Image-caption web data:
════════════════════
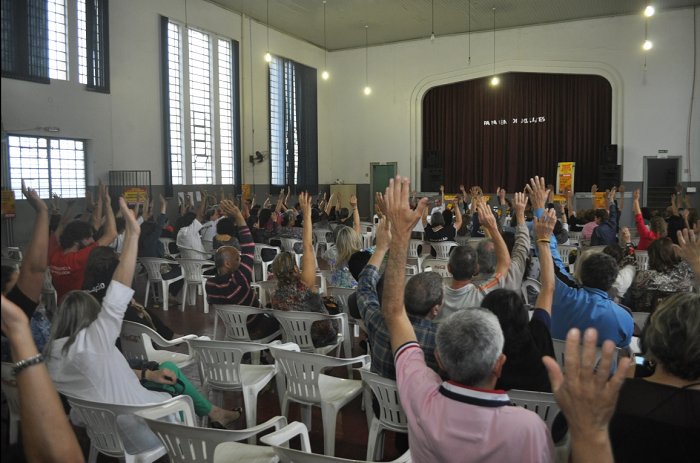 Educadores estaduais prometem intensificar a greve
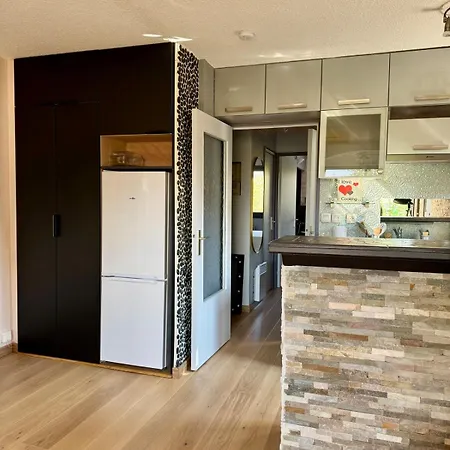 Cote Quai Du Cap D'agde - Parking - Histoire De Cles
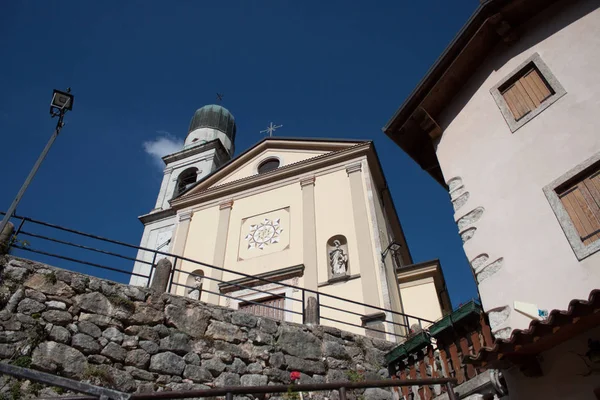 Tipik bir Kuzey kilise, perspektif aşağıdan, berrak mavi gökyüzünün İtalya görünümünü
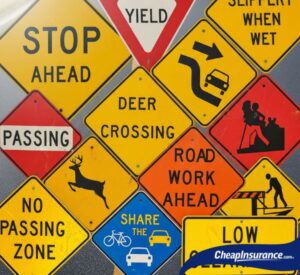 12 most common traffic warning signs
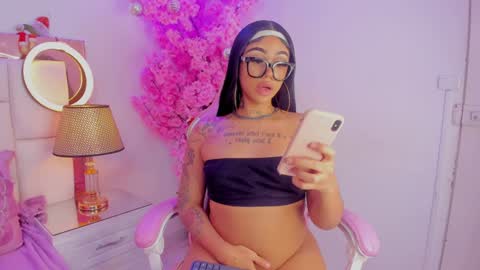 Khelany Isyy  online show from December 14, 11:34 pm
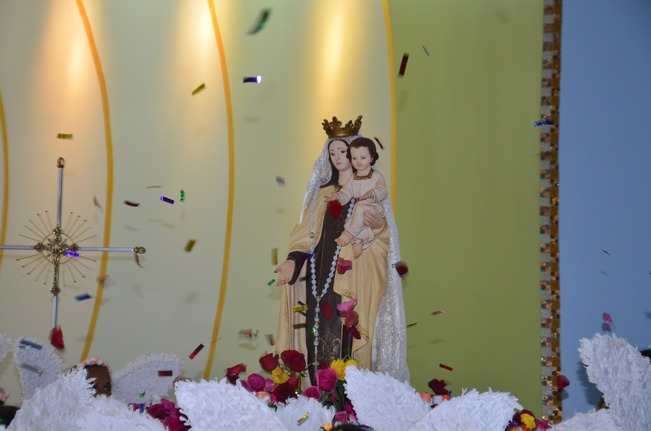Coroação de Nossa Senhora do Carmo foi o momento mais emocionante da celebração.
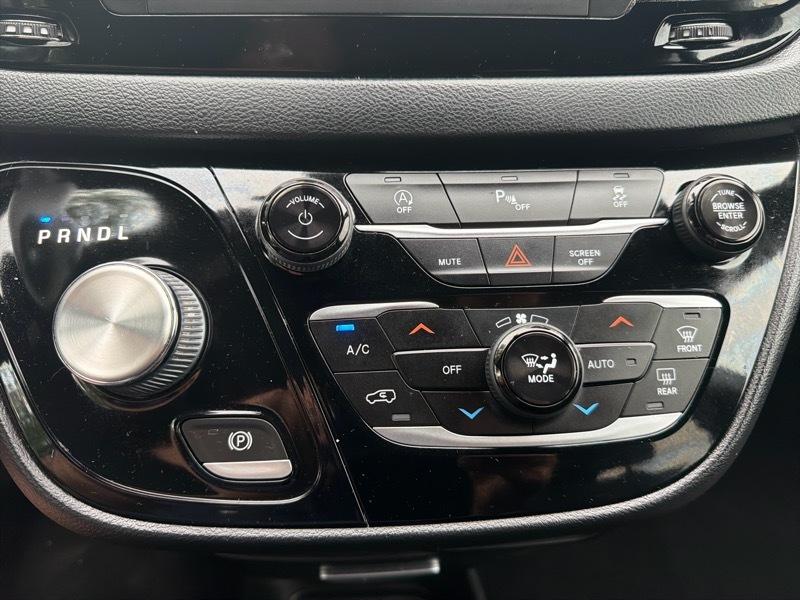 Chrysler Pacifica Touring Plus 2020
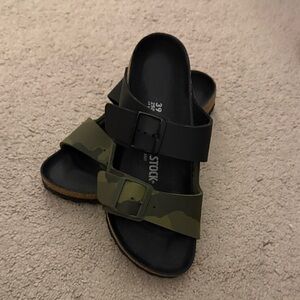 Birkenstock Dual-Tone Black and Olive Sandals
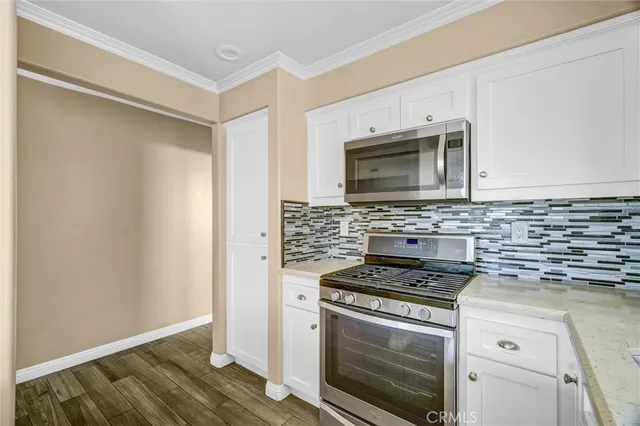 $1,850,000 | 1209 Huntington Street, Huntington Beach, CA 92648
════════════════════
* About this exercise: Every record above must be given again exactly; drop the pictures.

* Exercise response:
 Educadores estaduais prometem intensificar a greve
 Cote Quai Du Cap D'agde - Parking - Histoire De Cles
 Tipik bir Kuzey kilise, perspektif aşağıdan, berrak mavi gökyüzünün İtalya görünümünü
 12 most common traffic warning signs
 Khelany Isyy  online show from December 14, 11:34 pm
Coroação de Nossa Senhora do Carmo foi o momento mais emocionante da celebração.
 Chrysler Pacifica Touring Plus 2020
 Birkenstock Dual-Tone Black and Olive Sandals
 $1,850,000 | 1209 Huntington Street, Huntington Beach, CA 92648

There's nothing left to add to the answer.